Training day in and day out, putting in the miles, hitting the gym and lifting and trying to do all of the little things that will make them stronger and faster cyclists. Recovery is as important as training, as it makes them come back as stronger athletes.
The hard sessions and big miles break the body down, and then when they rest or recover, their body compensates for that work, and they come back with more strength and power.
What is Cycling Recovery?
It is the process that the body undergo after a hard block of training. No matter whether you are building base fitness, working through a build phase that includes FTP and Threshold workouts, or fine-tuning for some races with VO2Max or FRC workouts, after that training block (of about 3 weeks), you need to recover.
What is the Importance of Recovery in Cycling?
There is a saying that most athletes aren’t overtrained, they are under-recovered.
When we work out or do intervals, or simply ride the bike, we are putting stress on our bodies. We see this metric in the Training Stress Score, or TSS, of our ride. That ride is not what makes us stronger though. That stress breaks the body down, and then when we recover, the stimulus is telling the body, “Hey, you need to recover and come back stronger in case we need to handle this workload again.”
This is how periodization came about. Train -> Recover -> Come back stronger so you can train harder than the initial session.
Cycling recovery can be seen on micro and macro scales. On the micro-level, you recover between interval sets so that you are fresh enough to complete the next bout of work. On a macro scale, the recovery week is used to freshen up and recover from the last block of training (usually about 3 weeks of training, and then one recovery week).
Not only do we need physical recovery from the workouts, but we also need to give our brain and mental state a break from intervals or high-intensity workouts.
How Long Does It Take for Legs to Recover After Cycling?
We actually need more than just the legs to recover!
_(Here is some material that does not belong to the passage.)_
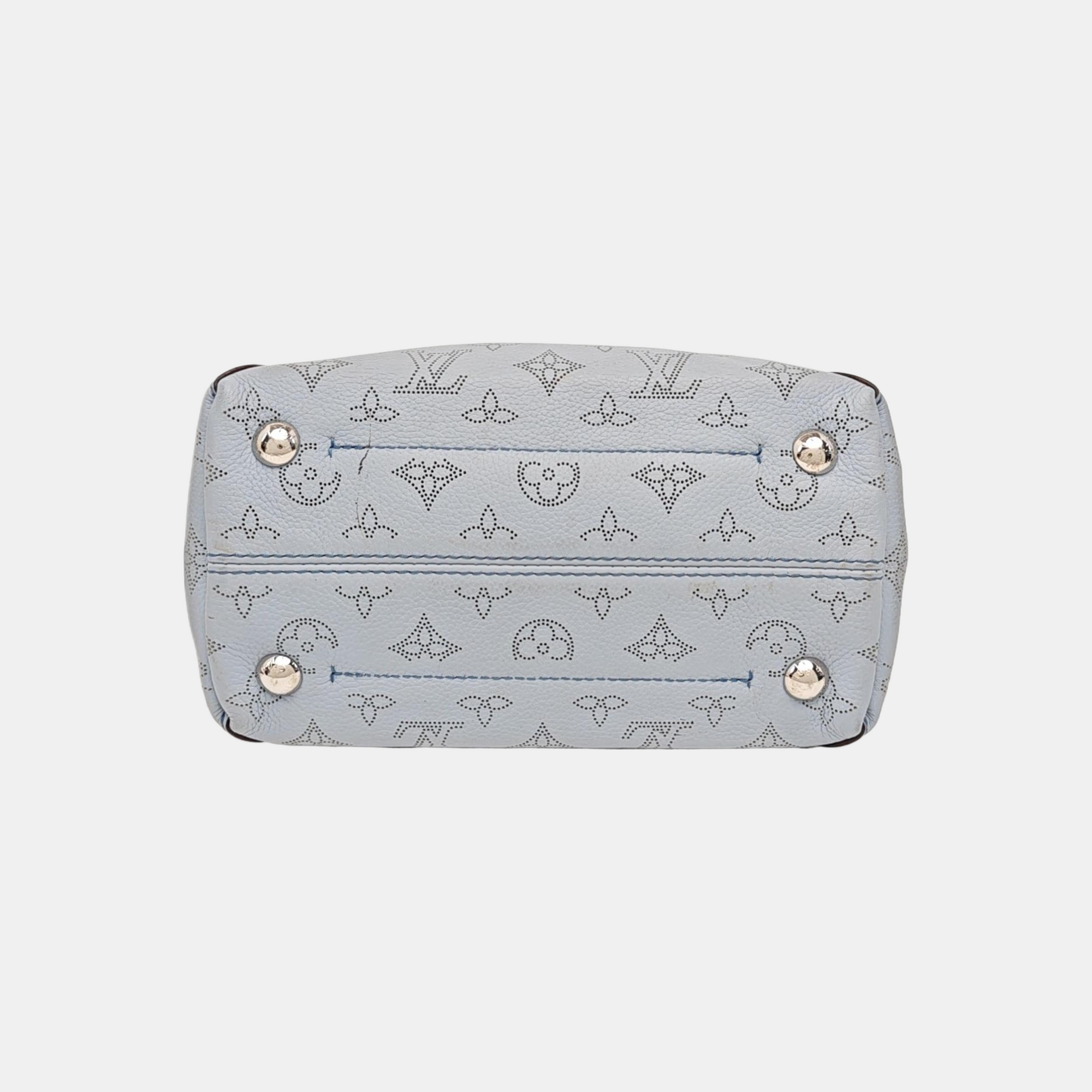 HINA PM Monogram Calfskin Blue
We want the entire body to recover, from muscle to hormonal balance. On one extreme of overtraining, it is much more than just the muscular system that gets overworked but includes others like your Immune System and Nervous System.
Your cycling recovery time is very individual and can be affected by age, training status, how hard you’re training, or even the time of year. In general, you should be able to recover after 1-3 days.
Unfortunately, there is no cycling recovery time calculator, so we can’t give you an exact answer on how long it may take to recover. The best way is to simply listen to your body. You should feel energetic and motivated to get out on the bike.
How Long Should I Rest After Cycling?
You can most likely get away with 2-3 solid rides back-to-back, after that, it might be time for a rest day. Usually athletes respond well to one intense session, one medium session, and an endurance session during the week. This obviously depends on the weekend’s upcoming events and rides, but a good framework to start from.
A rest day is a complete day off the bike, or extremely easy spinning, where you literally would get passed by someone cruising around town. A rest day is a time for cycling recovery; not a day to go fast.
The 10 Top Ways You Can Recover Like A Professional Cyclist
To summarise, find below ten top recovery tips from professional cyclists:
- Eat plenty of carbs and take on adequate Calories throughout the day
- Fuel on the bike (90-120 grams of carbs per hour)
- Consume carbs right after riding to replenish glycogen
- Prioritise sleep and rest
- Do recovery rides or active recovery of some form
- Put your feet up and limit extra activity
- Take 2-3 rest days per week
- Limit high intensity sessions to 2-3 days per week
- Get a massage
- Avoid alcohol
Focus on these basics every day and we can guarantee you will be recovering like a pro in no time!